• _Task goal_
Nothing but the lines from the first line of the entries through the line with "Michelangelo Charmsuite" should appear in the answer, transcribed exactly and free of pictures.

Stored data
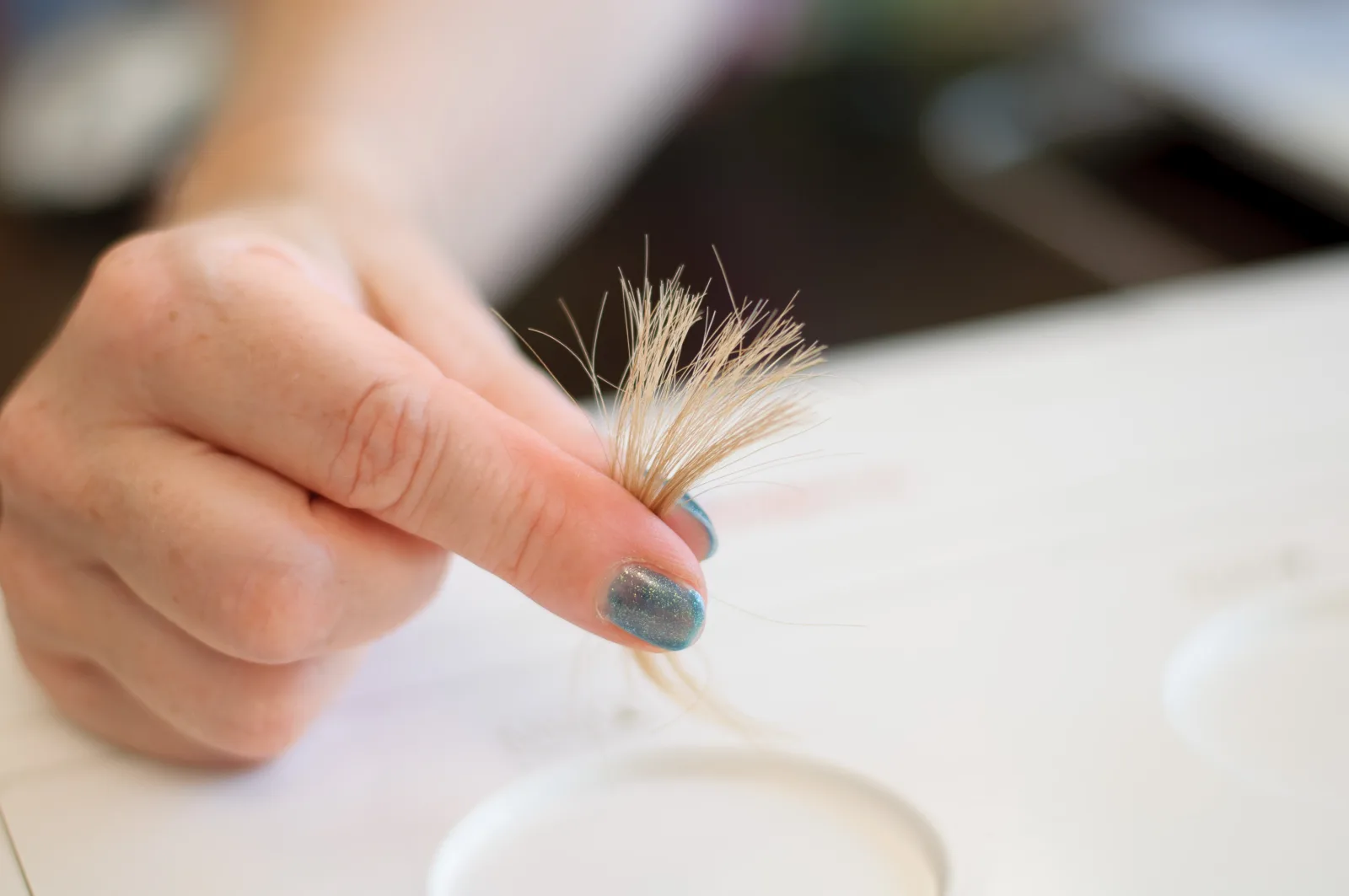 Ganzheitliche Haaranalyse im Informationsfeld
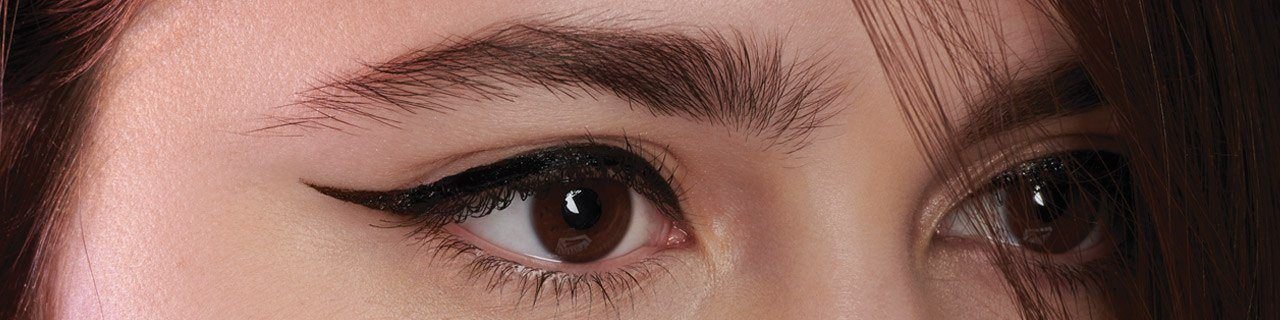 Eyeliner-Make-up-Tutorials illustratives Bannerbild – Nahaufnahme des Auges einer Frau mit Eyeliner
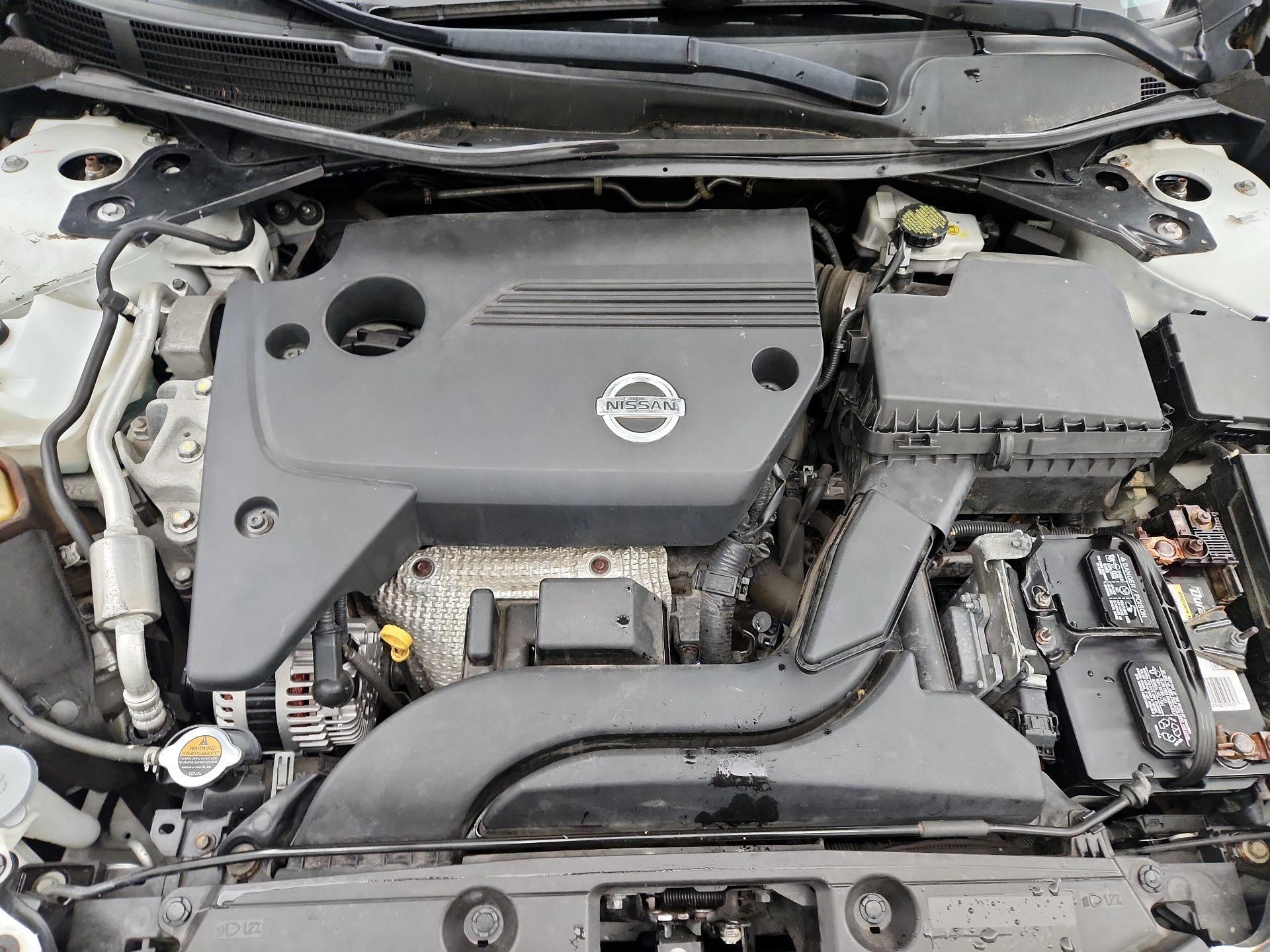 Thumbnail: 2013 Nissan Altima - 19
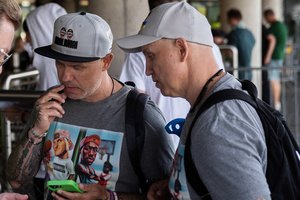 Į LKL finalą patekti norėjusiems N. ir N. Maciams užtrenkė duris – broliukai žada kreiptis į G. Nausėdą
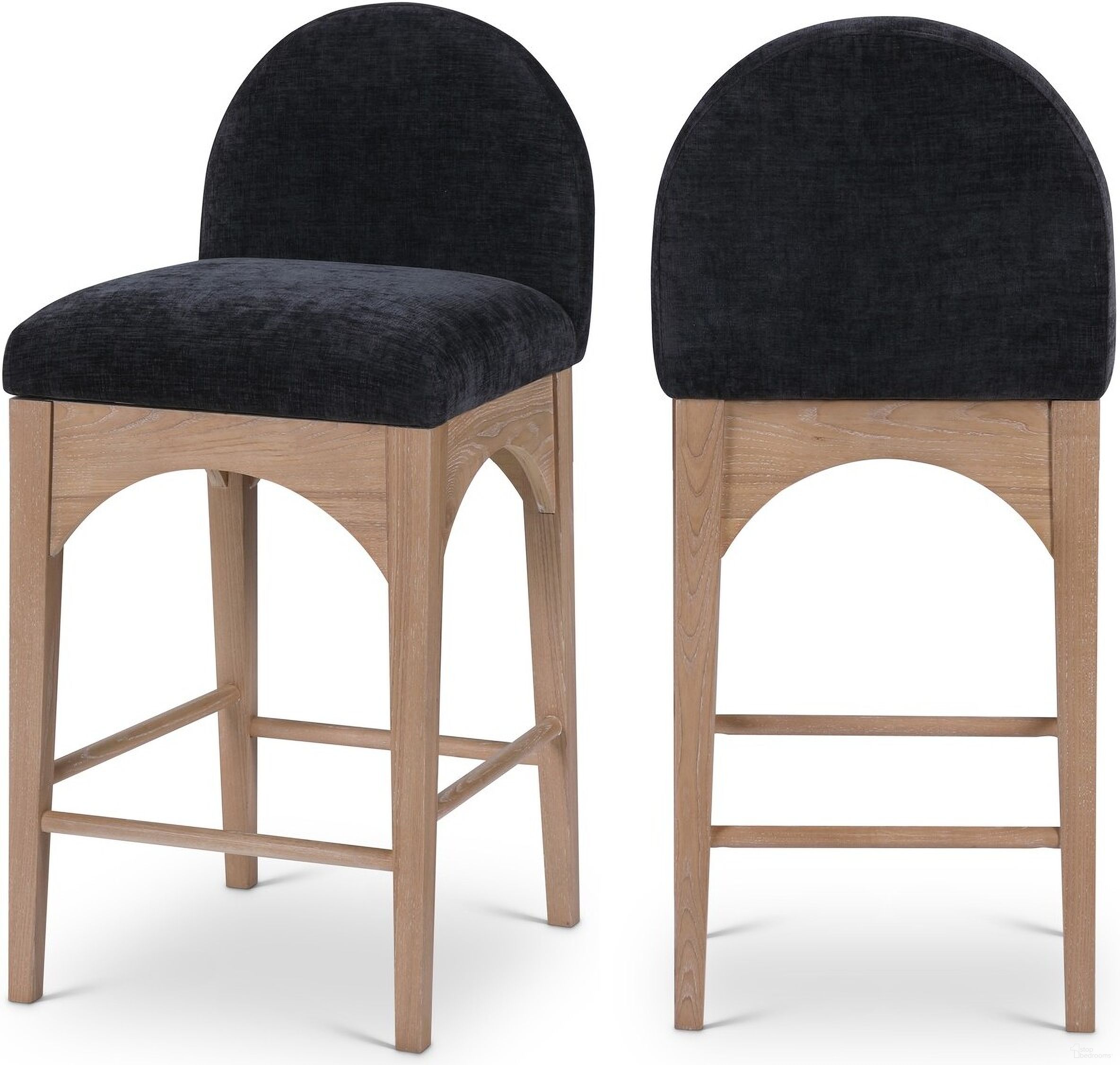 The appearance of Waldorf Chenille Fabric Stool In Black/Natural designed by Meridian in the modern / contemporary interior design. This black piece of furniture was selected by 1StopBedrooms from Waldorf Collection to add a touch of cosiness and style into your home. Sku: 390Black-C. Material: Wood.
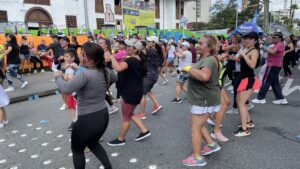 bailatón de colores Confa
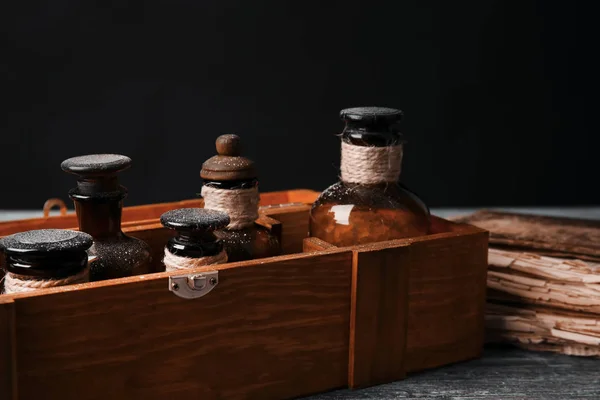 Botellas de vidrio vintage en caja de madera —  Fotos de Stock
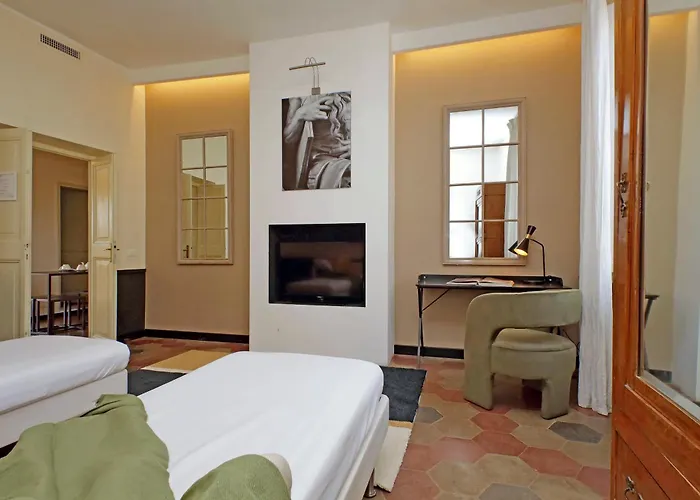 Michelangelo Charmsuite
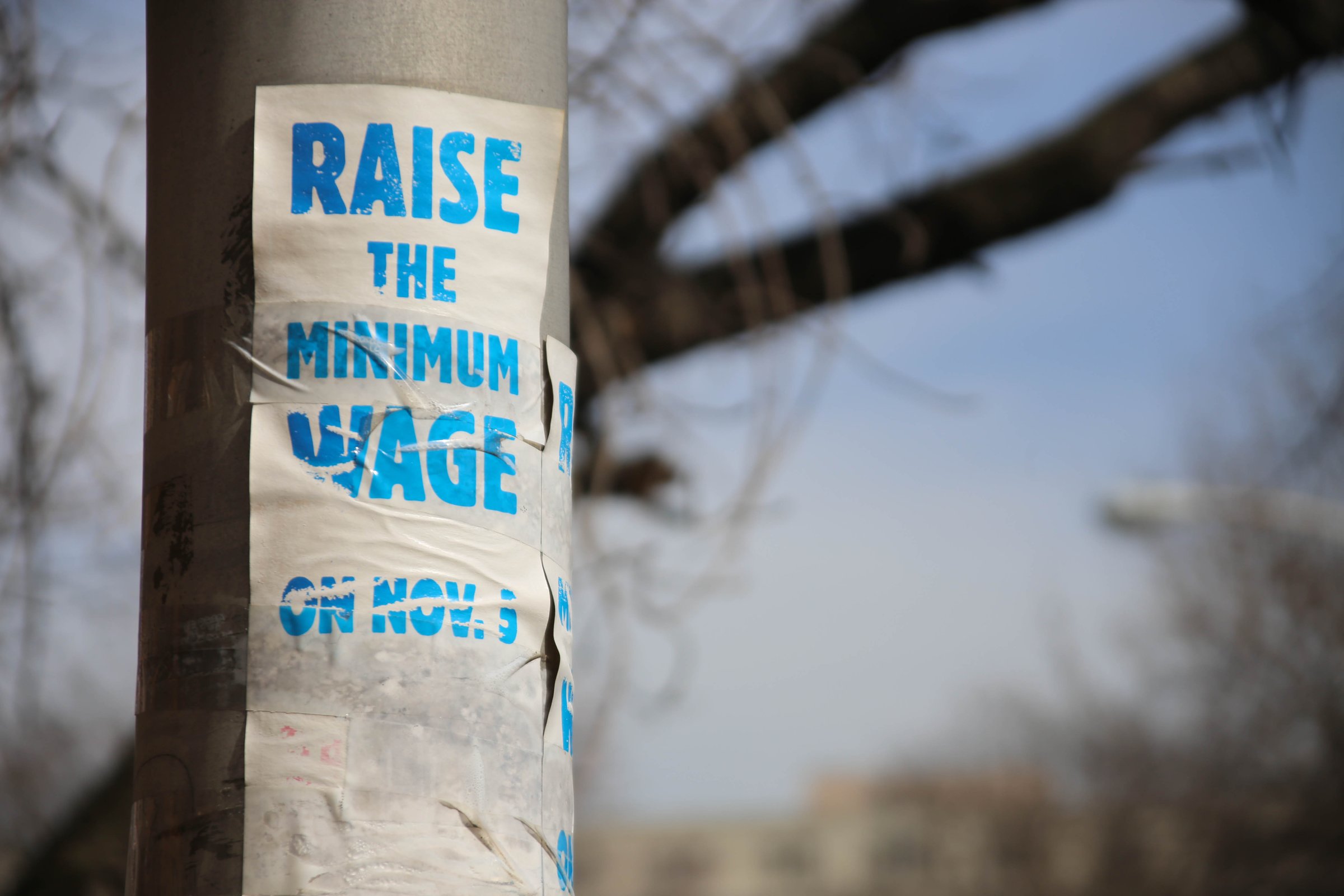 EU countries with statutory minimum wages were given until November 2024 to align their minimum wages with these new standards — yet only a small number have reached the required benchmarks (Photo: Paul Sableman)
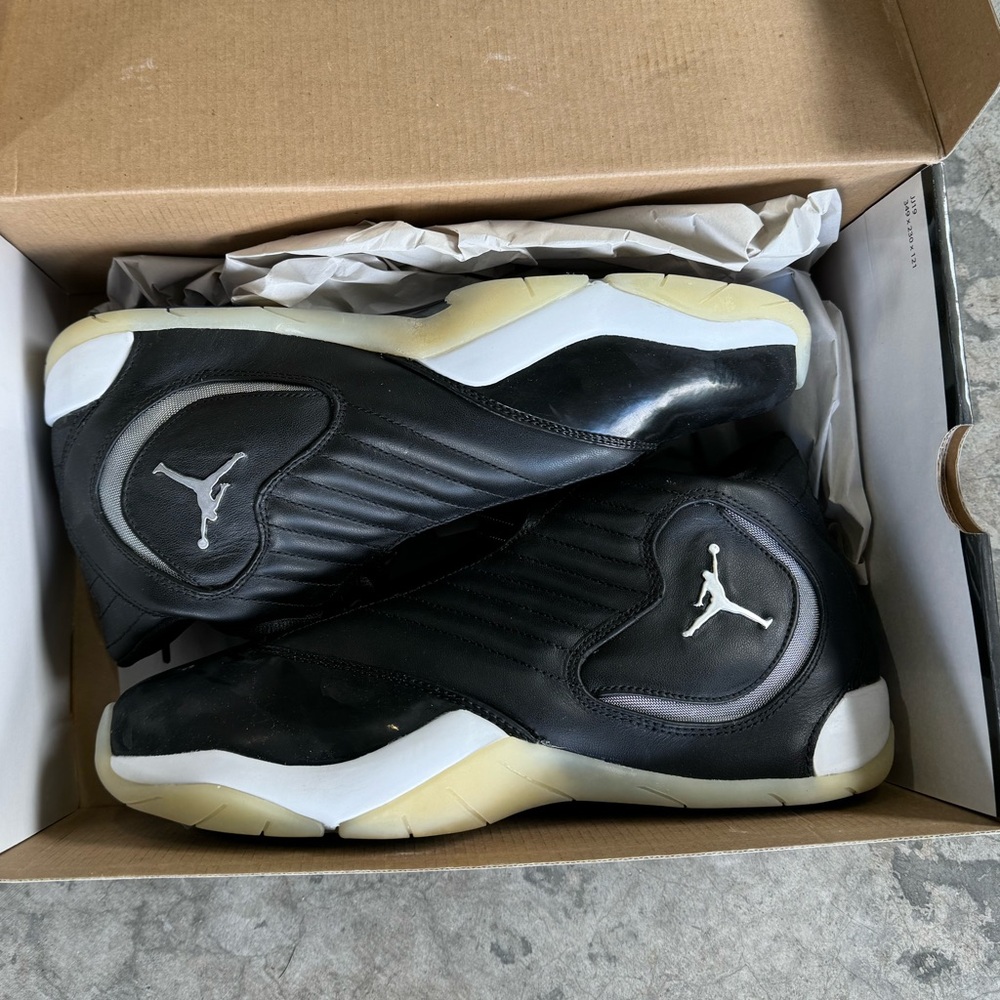 New! Jordan B-2rue black basketball / hoop shoes.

• _Worked solution_
 Ganzheitliche Haaranalyse im Informationsfeld
 Eyeliner-Make-up-Tutorials illustratives Bannerbild – Nahaufnahme des Auges einer Frau mit Eyeliner
 Thumbnail: 2013 Nissan Altima - 19
 Į LKL finalą patekti norėjusiems N. ir N. Maciams užtrenkė duris – broliukai žada kreiptis į G. Nausėdą
 The appearance of Waldorf Chenille Fabric Stool In Black/Natural designed by Meridian in the modern / contemporary interior design. This black piece of furniture was selected by 1StopBedrooms from Waldorf Collection to add a touch of cosiness and style into your home. Sku: 390Black-C. Material: Wood.
 bailatón de colores Confa
 Botellas de vidrio vintage en caja de madera —  Fotos de Stock
 Michelangelo Charmsuite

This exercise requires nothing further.